As actividades de aplicação na sua verdadeira essência não se podem resumir a meras actividades de adestramento, elas têm que ser verdadeiros despertadores da actividade cognitiva dos alunos e porque não do professor, desafiadoras de uma aprendizagem por compartimentos estanques e ao mesmo tempo, convidativas ao estabelecimento de relações. O desenvolvimento deste tipo de actividades ao longo de uma Unidade Didáctica, convida o aluno a não exibir o seu saber gratuitamente, mas a reflectir sobre ele, ajudando-o de certa maneira a fazer uma autoavaliação intercalar. 

Coisa muito comum em alunos mais impetuosos, é o facto de responderem quase instantaneamente e instintivamente a uma pergunta lançada pelo professor, associando a rapidez à validade e valor da resposta. Quebra-se assim a sua oportunidade de reflectir sobre o assunto, mas não só a sua, também a dos seus colegas que podem de qualquer maneira contrapor, gerando discussão que fica no entanto amputada de alguma maturidade reflexiva e argumentativa. 

Há que mentalizar e conduzir os alunos a ponderar as suas respostas, pensando no seu "Como?" e no seu "Porquê?" que terão depois de explicar. Valorizar as respostas ponderadas de acordo com estes dois itens e confrontar os alunos mais impetuosos, com as anomalias inerentes à sua intervenção e fazer-lhes reflectir sobre elas, reformulá-las e restruturá-las de acordo com esses dois itens.

Também uma auto- avaliação de fim de período, que clame por algo mais que um simples valor numérico e chame os alunos a reflectir nas suas acções e atitudes, a esgrimi-las no contexto de uma classificação é também um processo de trabalho salutar, ao nível da metacognição.

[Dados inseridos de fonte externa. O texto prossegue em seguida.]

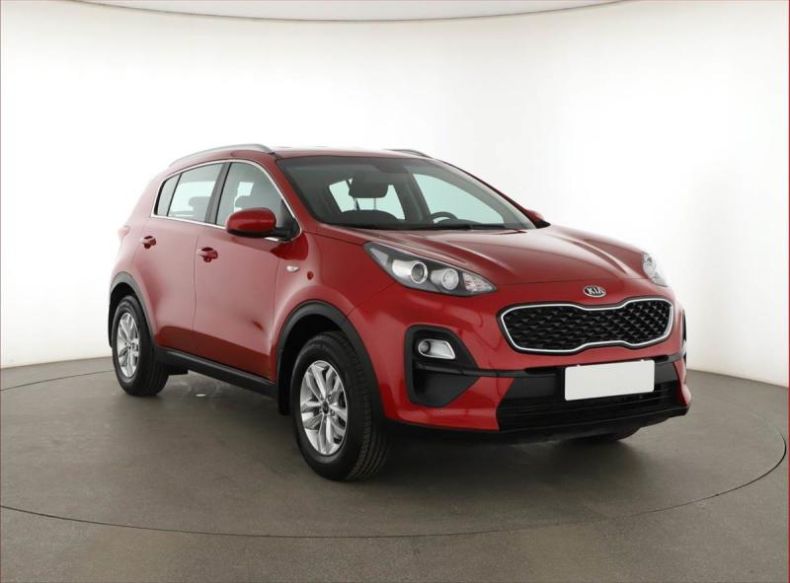 Kia Sportage - hlavní foto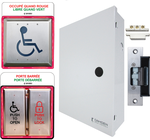 CX-WC13AXFM-PSF: Série CX-WC:Contrôle des toilettes sans obstacle - Contrôle des toilettes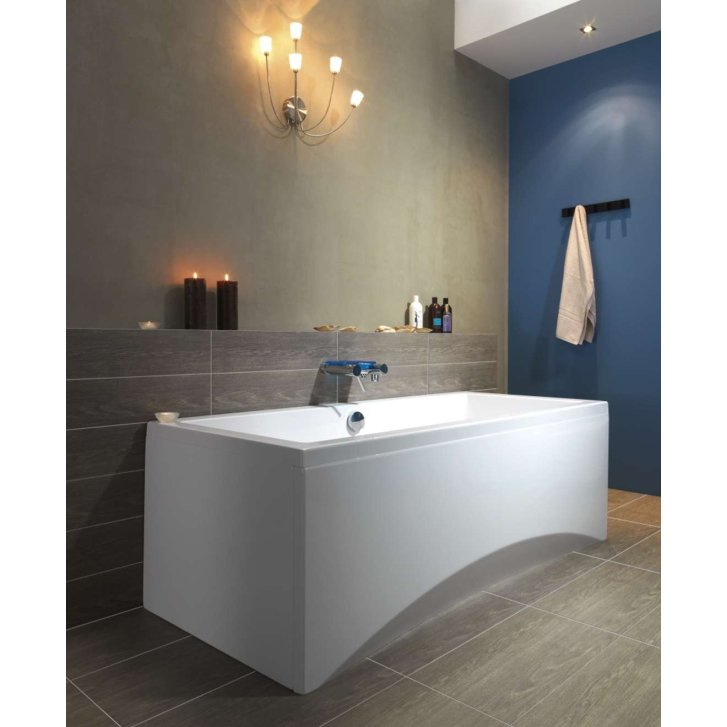 Cersanit - Čelní panel pro vany, 160 cm, bílá S401-045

Assim, a metacognição passa em muito por adquirir hábitos e processos de trabalho conformes. "Logo, o professor não pode esperar que a formação de conceitos ocorra incidentalmente. O grande desafio que se lhe põe é o de ajudar o aluno a utilizar de forma consciente, produtiva e racional o seu potencial de pensamento – ensinar a pensar – bem como, a tornar-se consciente das estratégias de aprendizagem a que recorre para construir (reconstruir) conceitos científicos." (Santos, 1998).

 Esta aquisição é lenta no seu florescer e no seu frutificar. Não podemos pedir aos alunos na aula de hoje que adquiram hábitos metacognitivos na aula de ontem, mas sim disponibilizar-lhes a aula de amanhã. 

Temos de estar descerrados à mudança e encarar com normalidade a lentidão de um processo que pode fazer lembrar a adolescência. Saibamos todos ser professores adolescentes, porque adolescente é uma forma do particípio presente "adolescens" do verbo "adolesco", que significa "crescer", "amadurecer".
 Um matemático que não tenha algo de poeta
nunca será um matemático completo
In Men of mathematics, E.T.Bell, p.432

BIBLIOGRAFIA:
Glasersfeld, E. V. (1995). Construtivismo Radical, 
uma forma de conhecer e aprender. Lisboa: Instituto Piaget.
Lakatos, I. & Musgrave, ª (1970). 
A crítica e o desenvolvimento do conhecimento. São Paulo:
 Editora da Universidade de São Paulo.
Santos, M. E. (1998).
 Mudança conceptual na sala de aula. Lisboa: Livros Horizonte.
Vergani, T. (1993). Educação Matemática. Lisboa: Universidade Aberta.